Ashar, could you put your phone on mute for a moment? We’re getting a lot of background noise.

Mark Radtke

There we go.

Steven Eschbach

Thank you.

Mark Radtke

There is—as I was saying, we’re expecting the volume number to be down from what we had talked about in February. I wanted to provide that 3 million megawatt hours as a ballpark reduction, but not providing a specific number per se because it’s—we’re just not focused on a volume number. I think that when organizations put volume targets out there, you know, you can go get volume. That’s not what this volume is about. This business is about going and getting quality business that meets our needs in terms of the cost required to run this business, and meets customer needs in terms of delivering the value that they need from their energy supplier. And we’re comfortable with the results that—the bottom line contribution that we included in our 2011 guidance, and that will be on a smaller volume than we had originally projected. Frankly, I view that as a good thing. Any time you can deliver the same results in a business on less volume, you’ve got less transactions risks, you’ve got lower capital costs associated with supporting that business; and so we’re pleased with what we see for the business heading into 2011.

Operator

And we have no further questions, so I’ll turn the call back over to Mr.

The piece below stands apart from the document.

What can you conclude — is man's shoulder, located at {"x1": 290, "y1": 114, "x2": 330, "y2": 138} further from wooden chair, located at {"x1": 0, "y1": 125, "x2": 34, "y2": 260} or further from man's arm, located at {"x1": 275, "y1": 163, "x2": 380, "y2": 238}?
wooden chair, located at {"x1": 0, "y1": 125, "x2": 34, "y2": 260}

Eschbach for closing remarks.

Steven Eschbach

Thank you; and thank you very much for being a part of our third quarter earnings conference call. A replay of this call will be available until February 22, 2011 by dialing toll-free 866-456-9373. I repeat, 866-456-9373. Today’s presentation is available on our website at www.integrysgroup.com – that is the text for today’s presentation. Just select Investor and then Presentations. If you have any additional questions, you may contact me directly at 312-228-5408 or Donna Sheedy at 920-433-1857. Thank you.

Operator

Thank you for participating in today’s call. This conference has now ended. You may disconnect at this time.